Supplied entries:
-- Opening Marker --
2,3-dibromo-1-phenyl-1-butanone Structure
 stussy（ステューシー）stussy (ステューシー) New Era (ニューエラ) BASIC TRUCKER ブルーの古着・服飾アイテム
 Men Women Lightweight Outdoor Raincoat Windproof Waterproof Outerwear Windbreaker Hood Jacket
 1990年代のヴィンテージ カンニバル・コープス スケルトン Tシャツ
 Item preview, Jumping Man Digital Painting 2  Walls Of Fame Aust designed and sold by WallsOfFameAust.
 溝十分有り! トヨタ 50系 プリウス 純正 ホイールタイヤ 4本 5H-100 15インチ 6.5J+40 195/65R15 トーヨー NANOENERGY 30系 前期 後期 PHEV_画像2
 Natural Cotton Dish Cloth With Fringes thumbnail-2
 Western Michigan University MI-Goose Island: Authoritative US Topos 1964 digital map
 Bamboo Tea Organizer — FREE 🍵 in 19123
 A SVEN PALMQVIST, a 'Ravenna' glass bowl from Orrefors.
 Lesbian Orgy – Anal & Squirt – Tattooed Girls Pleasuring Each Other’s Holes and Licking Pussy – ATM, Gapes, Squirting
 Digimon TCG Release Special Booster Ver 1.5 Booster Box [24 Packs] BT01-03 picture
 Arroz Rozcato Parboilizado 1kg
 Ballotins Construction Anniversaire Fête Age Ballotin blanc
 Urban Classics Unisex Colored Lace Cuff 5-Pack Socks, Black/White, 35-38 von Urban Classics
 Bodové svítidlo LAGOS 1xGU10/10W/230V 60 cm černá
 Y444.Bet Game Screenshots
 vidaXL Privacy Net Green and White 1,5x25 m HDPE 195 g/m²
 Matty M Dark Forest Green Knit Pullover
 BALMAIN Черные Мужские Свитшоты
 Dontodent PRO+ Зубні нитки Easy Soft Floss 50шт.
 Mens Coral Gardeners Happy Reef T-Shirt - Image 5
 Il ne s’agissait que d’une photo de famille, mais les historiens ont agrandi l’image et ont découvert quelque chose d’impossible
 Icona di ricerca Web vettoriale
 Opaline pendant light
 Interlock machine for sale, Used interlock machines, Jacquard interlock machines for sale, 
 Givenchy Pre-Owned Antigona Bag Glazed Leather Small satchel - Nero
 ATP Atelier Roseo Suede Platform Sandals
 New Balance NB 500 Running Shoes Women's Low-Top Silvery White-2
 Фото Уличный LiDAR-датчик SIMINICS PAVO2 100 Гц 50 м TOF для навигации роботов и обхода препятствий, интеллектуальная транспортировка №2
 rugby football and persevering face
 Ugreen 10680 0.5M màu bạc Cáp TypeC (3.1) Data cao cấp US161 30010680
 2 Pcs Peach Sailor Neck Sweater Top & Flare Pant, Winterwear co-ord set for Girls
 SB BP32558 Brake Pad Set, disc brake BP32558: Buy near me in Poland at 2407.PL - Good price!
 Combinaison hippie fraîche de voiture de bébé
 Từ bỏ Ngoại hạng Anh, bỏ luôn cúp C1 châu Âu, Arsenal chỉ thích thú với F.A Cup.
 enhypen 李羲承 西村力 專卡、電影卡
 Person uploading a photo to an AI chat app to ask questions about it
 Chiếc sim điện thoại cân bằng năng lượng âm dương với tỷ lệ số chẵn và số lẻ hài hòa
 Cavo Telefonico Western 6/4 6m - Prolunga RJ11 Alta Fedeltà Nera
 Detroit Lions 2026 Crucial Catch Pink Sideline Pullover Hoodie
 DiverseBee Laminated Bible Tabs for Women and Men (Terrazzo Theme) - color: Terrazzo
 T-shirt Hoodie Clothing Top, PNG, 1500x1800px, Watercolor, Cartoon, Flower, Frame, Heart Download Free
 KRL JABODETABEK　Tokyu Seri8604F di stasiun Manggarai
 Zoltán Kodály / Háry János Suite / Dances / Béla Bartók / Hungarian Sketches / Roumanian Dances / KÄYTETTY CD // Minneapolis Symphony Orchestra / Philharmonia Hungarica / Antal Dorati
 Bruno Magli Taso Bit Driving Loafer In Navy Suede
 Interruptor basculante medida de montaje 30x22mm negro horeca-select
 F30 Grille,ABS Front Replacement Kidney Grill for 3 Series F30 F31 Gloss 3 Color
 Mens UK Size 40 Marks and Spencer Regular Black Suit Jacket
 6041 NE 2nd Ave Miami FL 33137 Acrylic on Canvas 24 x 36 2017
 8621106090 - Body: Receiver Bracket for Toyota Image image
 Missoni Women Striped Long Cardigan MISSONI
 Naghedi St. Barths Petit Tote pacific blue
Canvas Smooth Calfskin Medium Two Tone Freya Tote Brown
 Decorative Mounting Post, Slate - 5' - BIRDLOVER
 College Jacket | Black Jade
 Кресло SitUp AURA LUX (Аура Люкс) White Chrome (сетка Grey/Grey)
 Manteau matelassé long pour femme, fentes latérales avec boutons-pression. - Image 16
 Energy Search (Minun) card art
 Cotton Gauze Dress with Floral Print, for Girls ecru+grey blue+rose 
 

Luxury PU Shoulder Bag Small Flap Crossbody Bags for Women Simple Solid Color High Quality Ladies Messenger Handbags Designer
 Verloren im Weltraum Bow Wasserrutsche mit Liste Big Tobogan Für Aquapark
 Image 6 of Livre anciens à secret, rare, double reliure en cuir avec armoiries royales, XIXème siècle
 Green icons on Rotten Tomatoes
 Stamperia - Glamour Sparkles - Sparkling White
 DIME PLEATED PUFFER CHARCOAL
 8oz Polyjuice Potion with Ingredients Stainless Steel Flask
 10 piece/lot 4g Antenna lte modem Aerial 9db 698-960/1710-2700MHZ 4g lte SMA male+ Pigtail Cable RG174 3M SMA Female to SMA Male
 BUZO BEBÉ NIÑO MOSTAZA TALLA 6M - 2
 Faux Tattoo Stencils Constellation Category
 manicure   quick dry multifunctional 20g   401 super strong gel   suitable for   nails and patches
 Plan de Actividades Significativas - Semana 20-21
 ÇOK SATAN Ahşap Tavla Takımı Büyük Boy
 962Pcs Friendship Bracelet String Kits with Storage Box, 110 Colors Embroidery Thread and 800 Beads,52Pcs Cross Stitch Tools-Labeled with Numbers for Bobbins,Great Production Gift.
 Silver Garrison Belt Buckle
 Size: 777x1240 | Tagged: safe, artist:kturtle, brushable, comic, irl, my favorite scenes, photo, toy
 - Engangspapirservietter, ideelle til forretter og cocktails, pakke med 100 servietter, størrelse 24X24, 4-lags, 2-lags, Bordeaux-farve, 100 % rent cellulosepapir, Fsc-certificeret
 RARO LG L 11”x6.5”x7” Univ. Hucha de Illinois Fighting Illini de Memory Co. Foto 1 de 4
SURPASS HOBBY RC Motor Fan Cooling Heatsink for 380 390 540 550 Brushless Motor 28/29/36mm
-- Closing Marker --
Work item: Each entry above has to be duplicated exactly as it stands.

Answer to this exercise:
2,3-dibromo-1-phenyl-1-butanone Structure
 stussy（ステューシー）stussy (ステューシー) New Era (ニューエラ) BASIC TRUCKER ブルーの古着・服飾アイテム
 Men Women Lightweight Outdoor Raincoat Windproof Waterproof Outerwear Windbreaker Hood Jacket
 1990年代のヴィンテージ カンニバル・コープス スケルトン Tシャツ
 Item preview, Jumping Man Digital Painting 2  Walls Of Fame Aust designed and sold by WallsOfFameAust.
 溝十分有り! トヨタ 50系 プリウス 純正 ホイールタイヤ 4本 5H-100 15インチ 6.5J+40 195/65R15 トーヨー NANOENERGY 30系 前期 後期 PHEV_画像2
 Natural Cotton Dish Cloth With Fringes thumbnail-2
 Western Michigan University MI-Goose Island: Authoritative US Topos 1964 digital map
 Bamboo Tea Organizer — FREE 🍵 in 19123
 A SVEN PALMQVIST, a 'Ravenna' glass bowl from Orrefors.
 Lesbian Orgy – Anal & Squirt – Tattooed Girls Pleasuring Each Other’s Holes and Licking Pussy – ATM, Gapes, Squirting
 Digimon TCG Release Special Booster Ver 1.5 Booster Box [24 Packs] BT01-03 picture
 Arroz Rozcato Parboilizado 1kg
 Ballotins Construction Anniversaire Fête Age Ballotin blanc
 Urban Classics Unisex Colored Lace Cuff 5-Pack Socks, Black/White, 35-38 von Urban Classics
 Bodové svítidlo LAGOS 1xGU10/10W/230V 60 cm černá
 Y444.Bet Game Screenshots
 vidaXL Privacy Net Green and White 1,5x25 m HDPE 195 g/m²
 Matty M Dark Forest Green Knit Pullover
 BALMAIN Черные Мужские Свитшоты
 Dontodent PRO+ Зубні нитки Easy Soft Floss 50шт.
 Mens Coral Gardeners Happy Reef T-Shirt - Image 5
 Il ne s’agissait que d’une photo de famille, mais les historiens ont agrandi l’image et ont découvert quelque chose d’impossible
 Icona di ricerca Web vettoriale
 Opaline pendant light
 Interlock machine for sale, Used interlock machines, Jacquard interlock machines for sale, 
 Givenchy Pre-Owned Antigona Bag Glazed Leather Small satchel - Nero
 ATP Atelier Roseo Suede Platform Sandals
 New Balance NB 500 Running Shoes Women's Low-Top Silvery White-2
 Фото Уличный LiDAR-датчик SIMINICS PAVO2 100 Гц 50 м TOF для навигации роботов и обхода препятствий, интеллектуальная транспортировка №2
 rugby football and persevering face
 Ugreen 10680 0.5M màu bạc Cáp TypeC (3.1) Data cao cấp US161 30010680
 2 Pcs Peach Sailor Neck Sweater Top & Flare Pant, Winterwear co-ord set for Girls
 SB BP32558 Brake Pad Set, disc brake BP32558: Buy near me in Poland at 2407.PL - Good price!
 Combinaison hippie fraîche de voiture de bébé
 Từ bỏ Ngoại hạng Anh, bỏ luôn cúp C1 châu Âu, Arsenal chỉ thích thú với F.A Cup.
 enhypen 李羲承 西村力 專卡、電影卡
 Person uploading a photo to an AI chat app to ask questions about it
 Chiếc sim điện thoại cân bằng năng lượng âm dương với tỷ lệ số chẵn và số lẻ hài hòa
 Cavo Telefonico Western 6/4 6m - Prolunga RJ11 Alta Fedeltà Nera
 Detroit Lions 2026 Crucial Catch Pink Sideline Pullover Hoodie
 DiverseBee Laminated Bible Tabs for Women and Men (Terrazzo Theme) - color: Terrazzo
 T-shirt Hoodie Clothing Top, PNG, 1500x1800px, Watercolor, Cartoon, Flower, Frame, Heart Download Free
 KRL JABODETABEK　Tokyu Seri8604F di stasiun Manggarai
 Zoltán Kodály / Háry János Suite / Dances / Béla Bartók / Hungarian Sketches / Roumanian Dances / KÄYTETTY CD // Minneapolis Symphony Orchestra / Philharmonia Hungarica / Antal Dorati
 Bruno Magli Taso Bit Driving Loafer In Navy Suede
 Interruptor basculante medida de montaje 30x22mm negro horeca-select
 F30 Grille,ABS Front Replacement Kidney Grill for 3 Series F30 F31 Gloss 3 Color
 Mens UK Size 40 Marks and Spencer Regular Black Suit Jacket
 6041 NE 2nd Ave Miami FL 33137 Acrylic on Canvas 24 x 36 2017
 8621106090 - Body: Receiver Bracket for Toyota Image image
 Missoni Women Striped Long Cardigan MISSONI
 Naghedi St. Barths Petit Tote pacific blue
Canvas Smooth Calfskin Medium Two Tone Freya Tote Brown
 Decorative Mounting Post, Slate - 5' - BIRDLOVER
 College Jacket | Black Jade
 Кресло SitUp AURA LUX (Аура Люкс) White Chrome (сетка Grey/Grey)
 Manteau matelassé long pour femme, fentes latérales avec boutons-pression. - Image 16
 Energy Search (Minun) card art
 Cotton Gauze Dress with Floral Print, for Girls ecru+grey blue+rose 
 

Luxury PU Shoulder Bag Small Flap Crossbody Bags for Women Simple Solid Color High Quality Ladies Messenger Handbags Designer
 Verloren im Weltraum Bow Wasserrutsche mit Liste Big Tobogan Für Aquapark
 Image 6 of Livre anciens à secret, rare, double reliure en cuir avec armoiries royales, XIXème siècle
 Green icons on Rotten Tomatoes
 Stamperia - Glamour Sparkles - Sparkling White
 DIME PLEATED PUFFER CHARCOAL
 8oz Polyjuice Potion with Ingredients Stainless Steel Flask
 10 piece/lot 4g Antenna lte modem Aerial 9db 698-960/1710-2700MHZ 4g lte SMA male+ Pigtail Cable RG174 3M SMA Female to SMA Male
 BUZO BEBÉ NIÑO MOSTAZA TALLA 6M - 2
 Faux Tattoo Stencils Constellation Category
 manicure   quick dry multifunctional 20g   401 super strong gel   suitable for   nails and patches
 Plan de Actividades Significativas - Semana 20-21
 ÇOK SATAN Ahşap Tavla Takımı Büyük Boy
 962Pcs Friendship Bracelet String Kits with Storage Box, 110 Colors Embroidery Thread and 800 Beads,52Pcs Cross Stitch Tools-Labeled with Numbers for Bobbins,Great Production Gift.
 Silver Garrison Belt Buckle
 Size: 777x1240 | Tagged: safe, artist:kturtle, brushable, comic, irl, my favorite scenes, photo, toy
 - Engangspapirservietter, ideelle til forretter og cocktails, pakke med 100 servietter, størrelse 24X24, 4-lags, 2-lags, Bordeaux-farve, 100 % rent cellulosepapir, Fsc-certificeret
 RARO LG L 11”x6.5”x7” Univ. Hucha de Illinois Fighting Illini de Memory Co. Foto 1 de 4
SURPASS HOBBY RC Motor Fan Cooling Heatsink for 380 390 540 550 Brushless Motor 28/29/36mm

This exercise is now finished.